**Task objective**: In the material below, the lines between the one holding "In an acid-base" and the one holding "Hi everybody, today", inclusive, are to be set down word for word. Pictures stay out.

**Data supplied**:
———

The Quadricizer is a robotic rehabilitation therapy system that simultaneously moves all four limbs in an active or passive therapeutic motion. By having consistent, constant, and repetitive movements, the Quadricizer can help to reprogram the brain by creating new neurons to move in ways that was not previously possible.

———

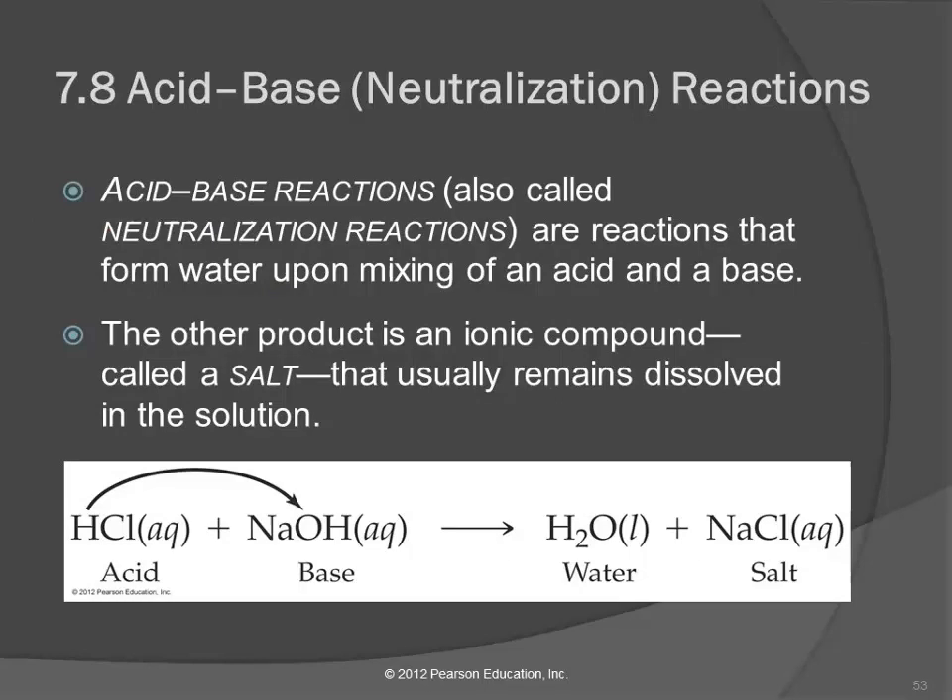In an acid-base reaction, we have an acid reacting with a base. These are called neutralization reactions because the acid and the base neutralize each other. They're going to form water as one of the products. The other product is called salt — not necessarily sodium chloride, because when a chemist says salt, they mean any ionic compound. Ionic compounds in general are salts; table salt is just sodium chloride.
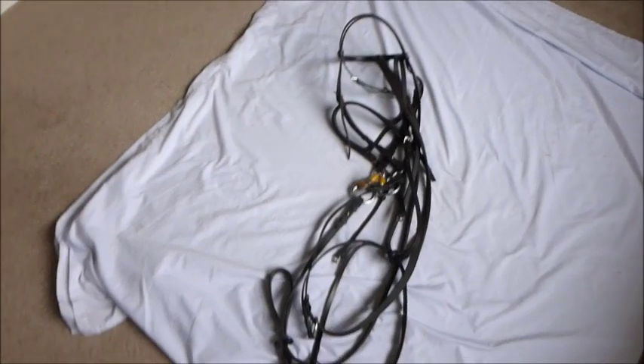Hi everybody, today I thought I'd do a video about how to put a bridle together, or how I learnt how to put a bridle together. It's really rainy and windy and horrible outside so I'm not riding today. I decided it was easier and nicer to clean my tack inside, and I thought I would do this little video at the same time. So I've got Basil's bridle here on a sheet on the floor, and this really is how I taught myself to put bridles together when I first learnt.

———

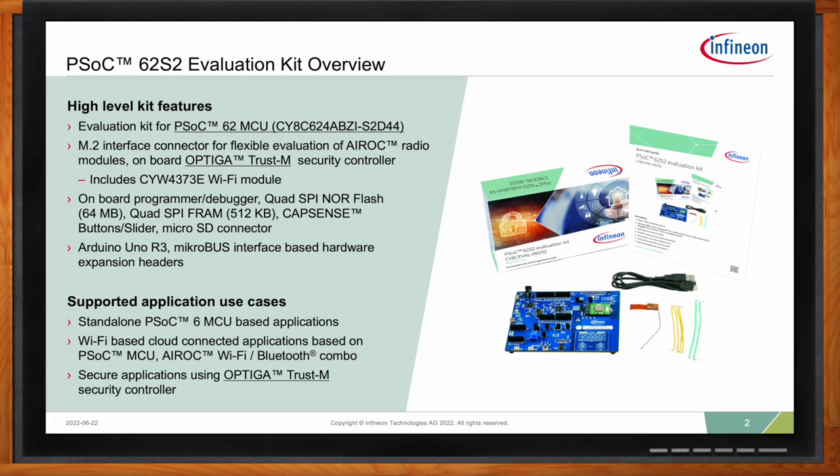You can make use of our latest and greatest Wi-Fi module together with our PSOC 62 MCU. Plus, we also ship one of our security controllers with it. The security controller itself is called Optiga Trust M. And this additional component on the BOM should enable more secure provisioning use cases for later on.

———

**Response to this task**:
In an acid-base reaction, we have an acid reacting with a base. These are called neutralization reactions because the acid and the base neutralize each other. They're going to form water as one of the products. The other product is called salt — not necessarily sodium chloride, because when a chemist says salt, they mean any ionic compound. Ionic compounds in general are salts; table salt is just sodium chloride.
Hi everybody, today I thought I'd do a video about how to put a bridle together, or how I learnt how to put a bridle together. It's really rainy and windy and horrible outside so I'm not riding today. I decided it was easier and nicer to clean my tack inside, and I thought I would do this little video at the same time. So I've got Basil's bridle here on a sheet on the floor, and this really is how I taught myself to put bridles together when I first learnt.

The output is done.